◆ **Study material**:
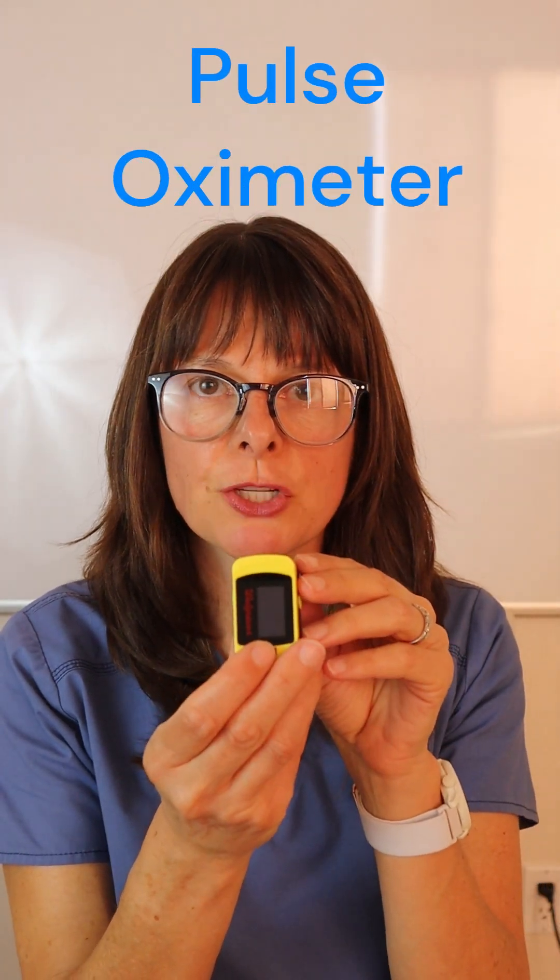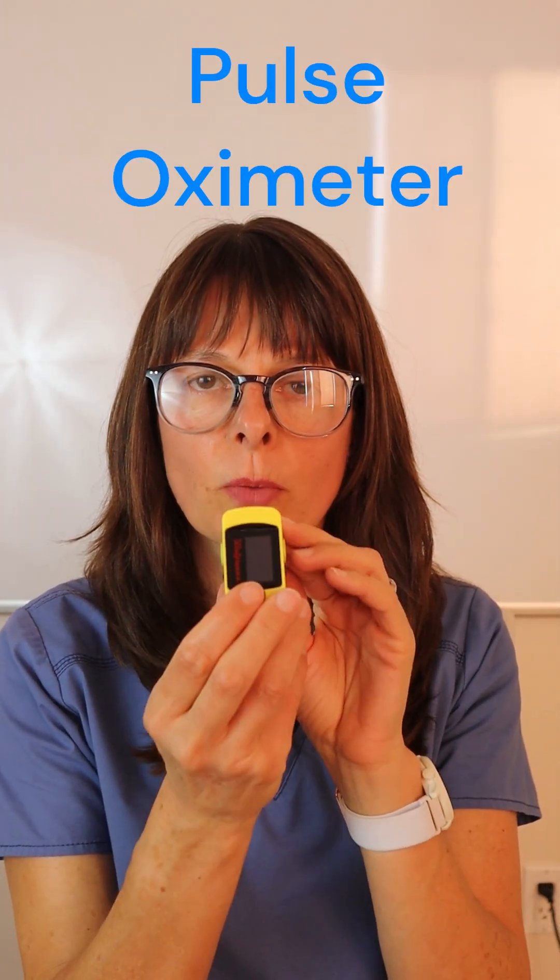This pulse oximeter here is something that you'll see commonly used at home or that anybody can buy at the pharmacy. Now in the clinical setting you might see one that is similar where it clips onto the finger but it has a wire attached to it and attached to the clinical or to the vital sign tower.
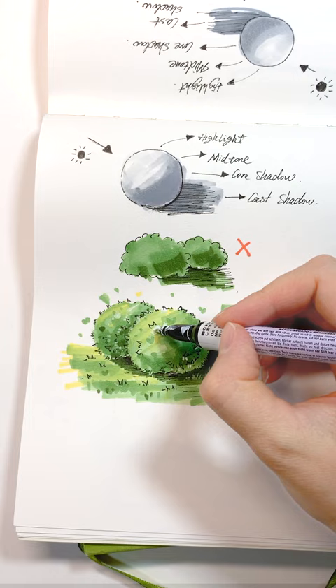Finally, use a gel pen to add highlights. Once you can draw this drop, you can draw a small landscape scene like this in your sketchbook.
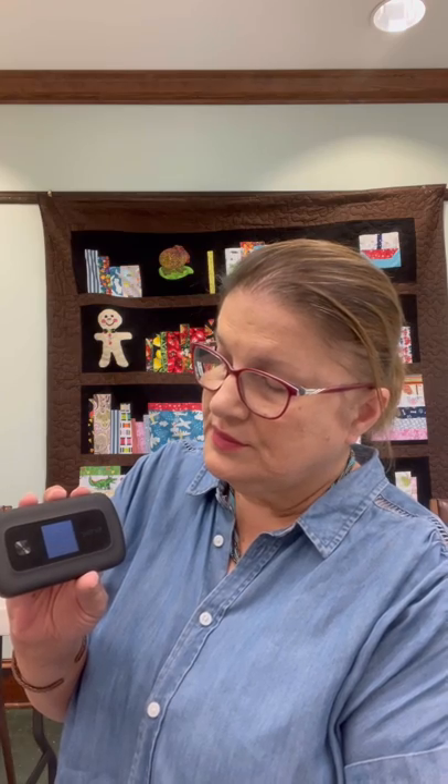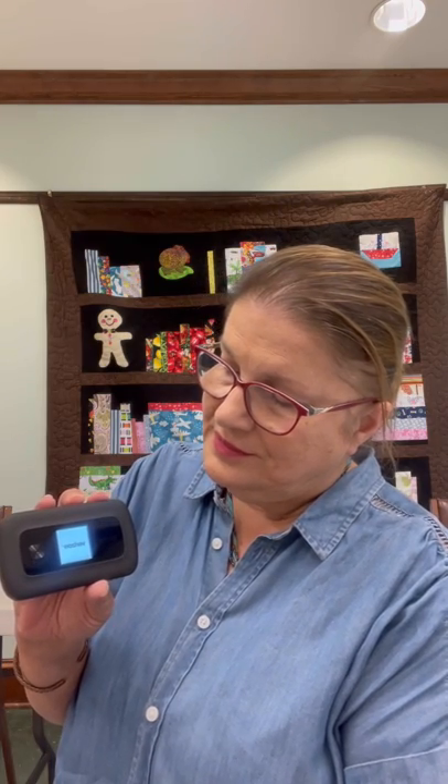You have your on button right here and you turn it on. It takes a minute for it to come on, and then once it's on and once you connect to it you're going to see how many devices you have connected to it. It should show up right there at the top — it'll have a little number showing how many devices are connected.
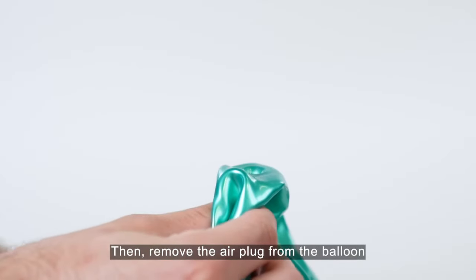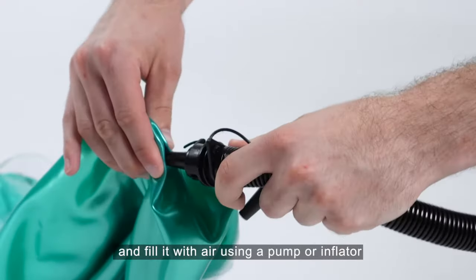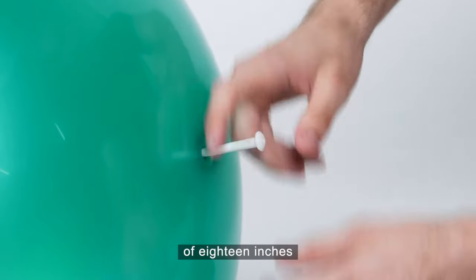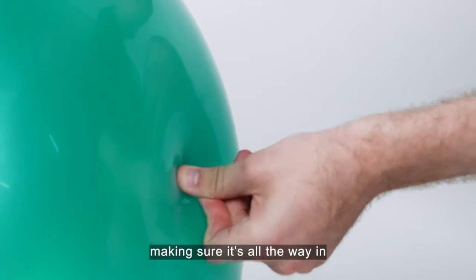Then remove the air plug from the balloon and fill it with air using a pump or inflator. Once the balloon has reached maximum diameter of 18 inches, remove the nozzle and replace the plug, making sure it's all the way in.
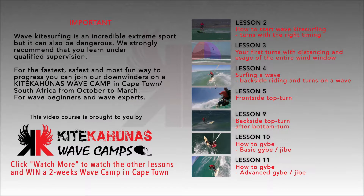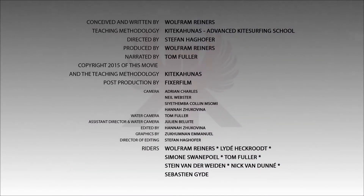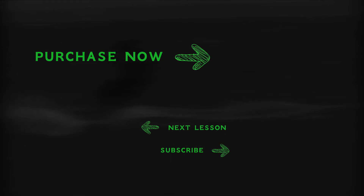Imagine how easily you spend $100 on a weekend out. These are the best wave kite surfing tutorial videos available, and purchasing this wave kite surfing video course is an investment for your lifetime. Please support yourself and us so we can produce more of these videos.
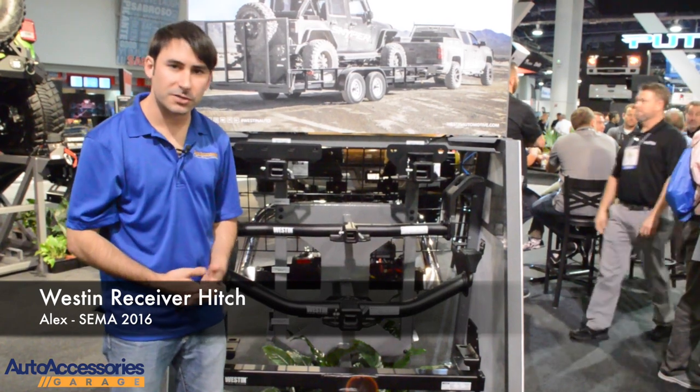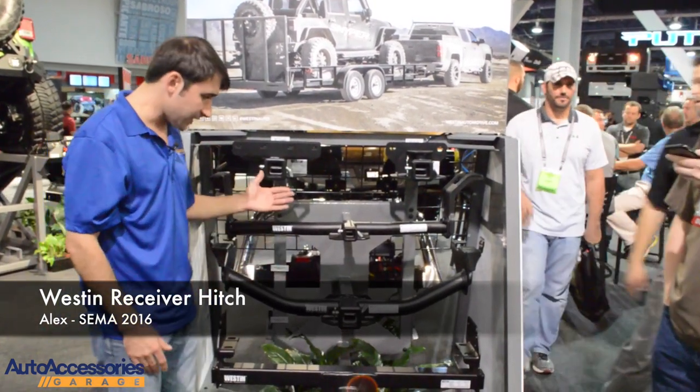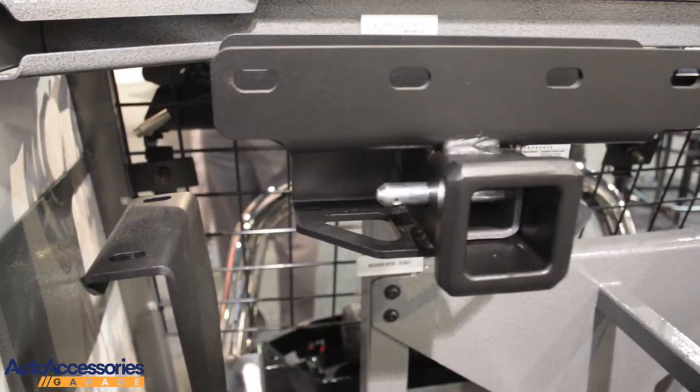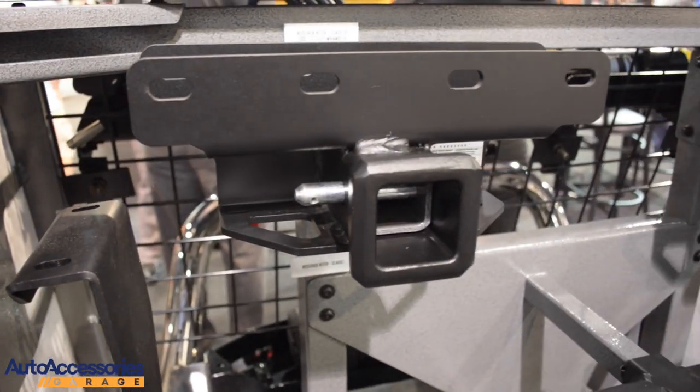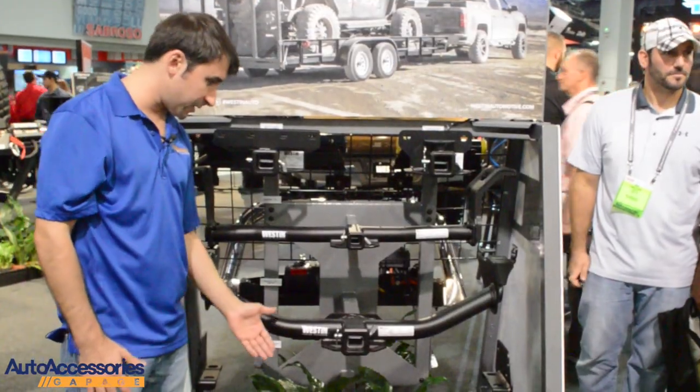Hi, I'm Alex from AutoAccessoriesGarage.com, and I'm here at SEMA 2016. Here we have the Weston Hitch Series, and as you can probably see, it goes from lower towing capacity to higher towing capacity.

◆ **Exercise prompt**: Give back the full data exactly as it reads, but drop the pictures.

◆ **Exercise answer**:
This pulse oximeter here is something that you'll see commonly used at home or that anybody can buy at the pharmacy. Now in the clinical setting you might see one that is similar where it clips onto the finger but it has a wire attached to it and attached to the clinical or to the vital sign tower.
Finally, use a gel pen to add highlights. Once you can draw this drop, you can draw a small landscape scene like this in your sketchbook.
You have your on button right here and you turn it on. It takes a minute for it to come on, and then once it's on and once you connect to it you're going to see how many devices you have connected to it. It should show up right there at the top — it'll have a little number showing how many devices are connected.
Then remove the air plug from the balloon and fill it with air using a pump or inflator. Once the balloon has reached maximum diameter of 18 inches, remove the nozzle and replace the plug, making sure it's all the way in.
Imagine how easily you spend $100 on a weekend out. These are the best wave kite surfing tutorial videos available, and purchasing this wave kite surfing video course is an investment for your lifetime. Please support yourself and us so we can produce more of these videos.
Hi, I'm Alex from AutoAccessoriesGarage.com, and I'm here at SEMA 2016. Here we have the Weston Hitch Series, and as you can probably see, it goes from lower towing capacity to higher towing capacity.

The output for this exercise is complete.